Common Defects in Copper Casting
The metal casting process has changed little in the thousands of years since its original invention. Today’s copper casting companies have invented new machines and casting materials that make the process easier and defects less likely, but in the end, the overall casting process remains the same. First, the copper is melted, then poured into a mold and allowed to harden. After the metal hardens, it is removed from the mold and polished and modified until it reaches the desired shape, texture, and brightness.

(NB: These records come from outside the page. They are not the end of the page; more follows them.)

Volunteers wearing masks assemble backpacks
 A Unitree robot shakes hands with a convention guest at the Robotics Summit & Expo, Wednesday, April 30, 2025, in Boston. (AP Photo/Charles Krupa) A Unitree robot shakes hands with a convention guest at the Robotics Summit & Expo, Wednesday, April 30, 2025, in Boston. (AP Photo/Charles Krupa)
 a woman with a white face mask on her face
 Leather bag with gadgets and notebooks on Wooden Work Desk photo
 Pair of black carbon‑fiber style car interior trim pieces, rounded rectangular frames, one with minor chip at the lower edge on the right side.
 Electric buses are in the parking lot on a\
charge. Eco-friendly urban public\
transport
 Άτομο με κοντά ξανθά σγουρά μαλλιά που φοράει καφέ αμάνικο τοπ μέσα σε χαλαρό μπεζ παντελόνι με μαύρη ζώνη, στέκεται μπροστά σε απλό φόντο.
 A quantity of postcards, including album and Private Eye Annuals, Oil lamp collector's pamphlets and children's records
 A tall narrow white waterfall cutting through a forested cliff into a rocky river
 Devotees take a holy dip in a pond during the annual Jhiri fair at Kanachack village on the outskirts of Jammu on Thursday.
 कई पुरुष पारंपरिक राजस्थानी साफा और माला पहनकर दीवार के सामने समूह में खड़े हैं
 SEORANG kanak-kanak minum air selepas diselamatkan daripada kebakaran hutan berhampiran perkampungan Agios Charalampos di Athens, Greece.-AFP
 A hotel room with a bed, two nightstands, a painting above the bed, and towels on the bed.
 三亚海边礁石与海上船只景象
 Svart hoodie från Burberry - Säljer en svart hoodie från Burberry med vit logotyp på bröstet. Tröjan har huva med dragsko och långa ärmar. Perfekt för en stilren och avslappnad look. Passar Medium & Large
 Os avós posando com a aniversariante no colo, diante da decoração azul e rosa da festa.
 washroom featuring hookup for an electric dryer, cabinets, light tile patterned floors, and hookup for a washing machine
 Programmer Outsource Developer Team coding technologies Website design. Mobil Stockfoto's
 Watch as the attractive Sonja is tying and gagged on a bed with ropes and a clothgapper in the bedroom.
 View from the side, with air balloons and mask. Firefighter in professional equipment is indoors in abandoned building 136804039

In copper casting, some defects are normal and can occur even in the most precise machines and with the most talented operators. Here are some of the most common defects you may find copper casting companies make during the casting process:
Porosity: This defect occurs when bubbles form on the metal after it cools. It is possible to prevent this defect by melting the copper in a vacuum or by keeping melting temperatures as low as possible.
Shrinking: Shrinking naturally occurs as the metal hardens. However, defects occur when the metal shrinks unevenly. This often occurs when the cast is unevenly heated, or has hot or cold spots on the mold. This can be prevented by ensuring the mold and metal retain an even heat and cool evenly until the metal is solid.
Mold defects: These defects occur due to problems with the mold. This can happen if the metal does not fill the mold properly, or if metal does not fuse together. If the mold itself has cracks or other problems it will also cause defects. Usually, it is possible to fix this problem by ensuring the mold is stable and that the metal is poured evenly into the mold.
Metallurgical defects: These defects occur with cracks due to uneven heating or spots of metal that are much harder than the rest due to uneven cooling. Keeping the mold at an even temperature can eliminate these defects.